--- Recorded information Enclosed Below ---

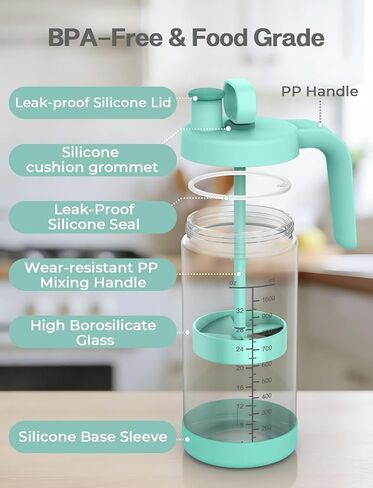 32oz Glass Formula Mixing Pitcher, Borosilicate Breastmilk Mixer, BPA-Free | Microplastic-Free, Leakproof Breastmilk Fridge Storage Container with Silicone Seal, Baby Feeding Pitcher, Dishwasher-Safe in Kuwait
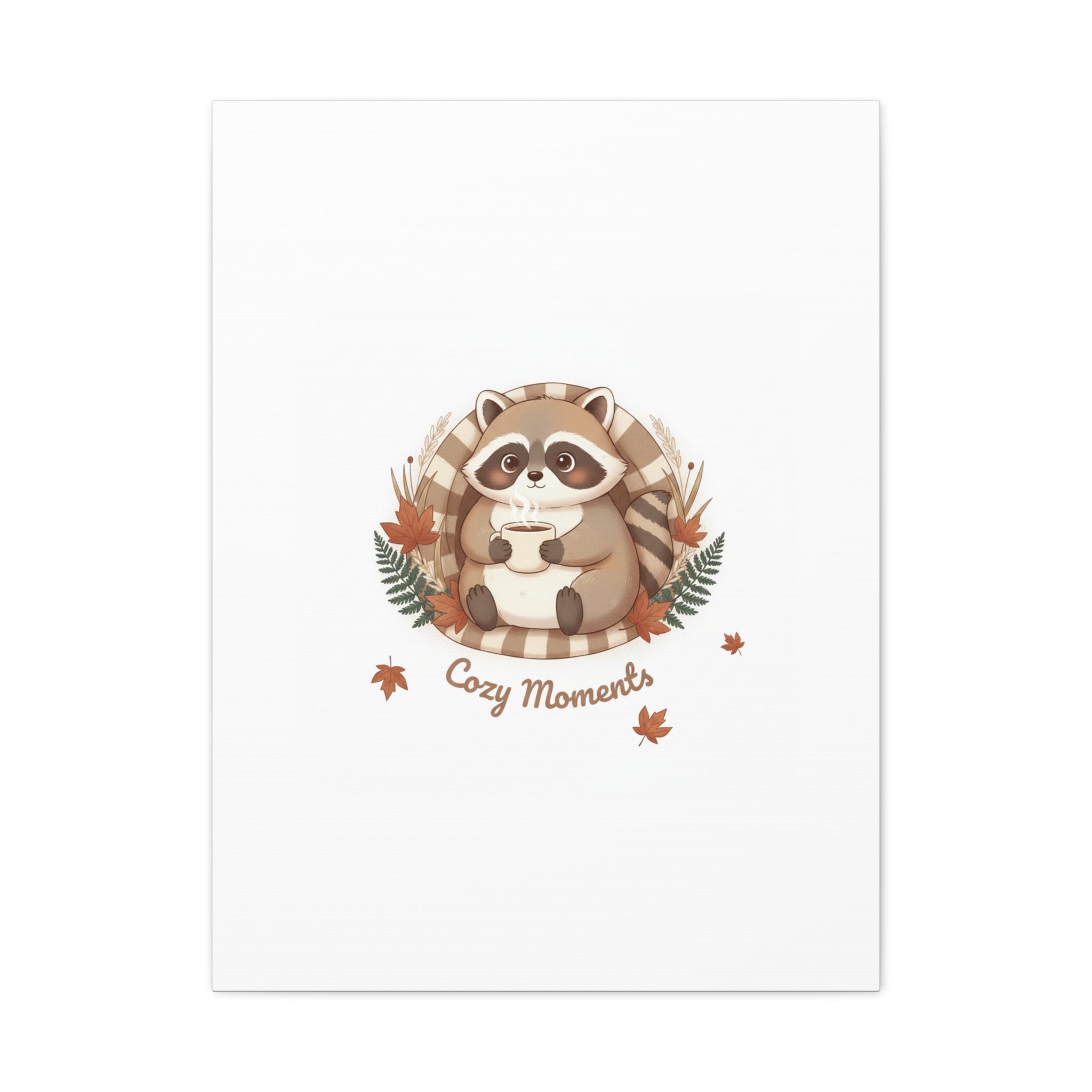 Cozy Moments Raccoon Illustration Canvas, cute animal illustration | winter forest art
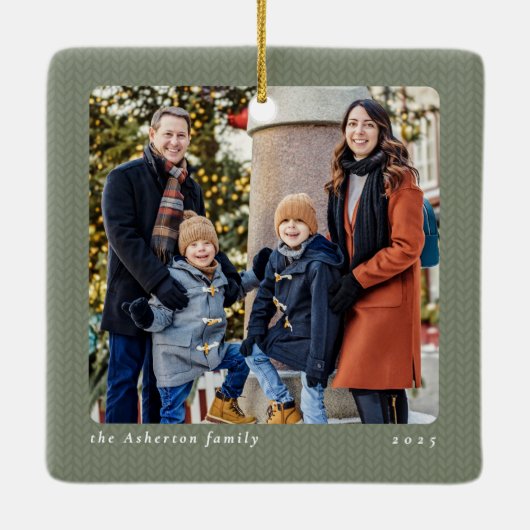 Ornement En Céramique Simple sage green knit frame one photo Christmas (Dos)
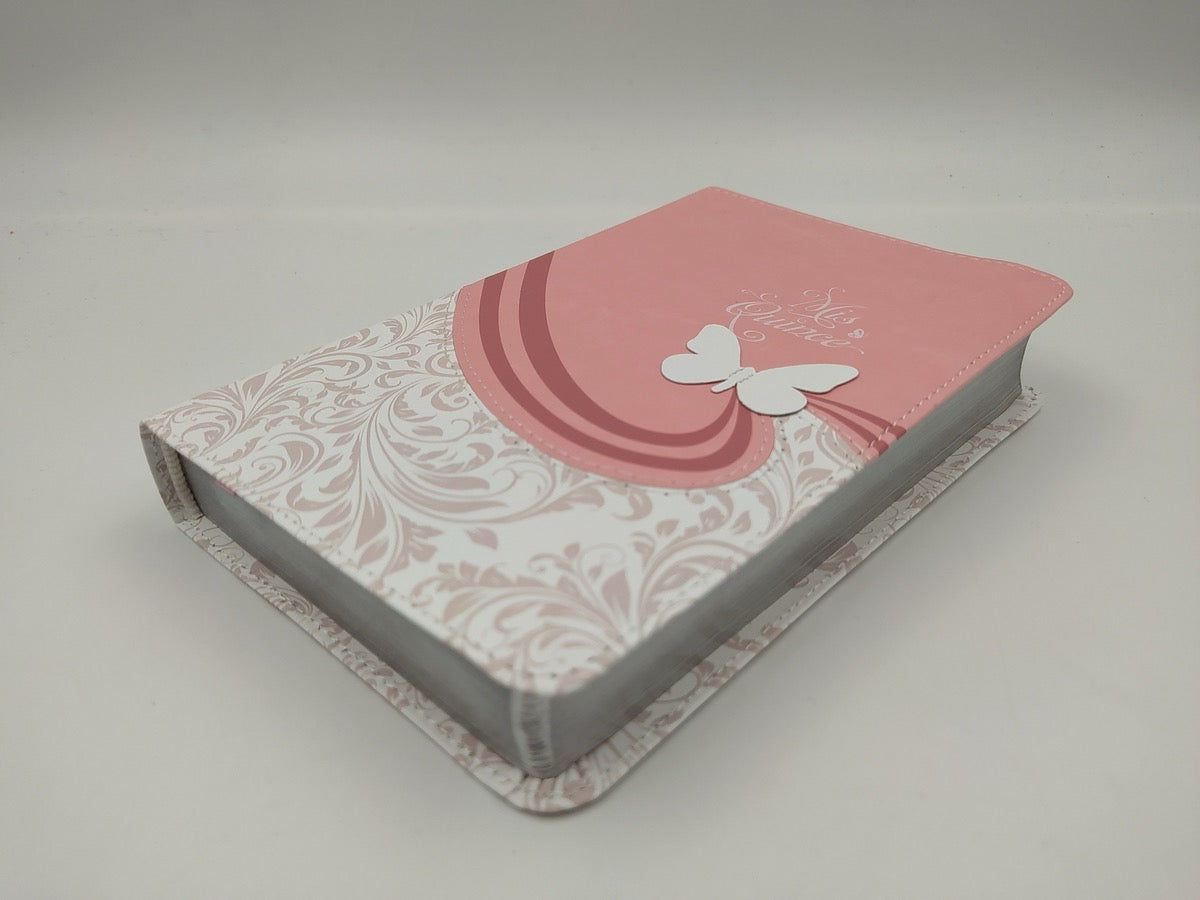 Biblia RVR 1960 Mis Quince Rosa y Blanco Símil Piel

--- End of Enclosed Recorded information ---

§ **Task brief**: Leaving the pictures out, output the material exactly as it appears.

§ **Written reply**:
 32oz Glass Formula Mixing Pitcher, Borosilicate Breastmilk Mixer, BPA-Free | Microplastic-Free, Leakproof Breastmilk Fridge Storage Container with Silicone Seal, Baby Feeding Pitcher, Dishwasher-Safe in Kuwait
 Cozy Moments Raccoon Illustration Canvas, cute animal illustration | winter forest art
 Ornement En Céramique Simple sage green knit frame one photo Christmas (Dos)
 Biblia RVR 1960 Mis Quince Rosa y Blanco Símil Piel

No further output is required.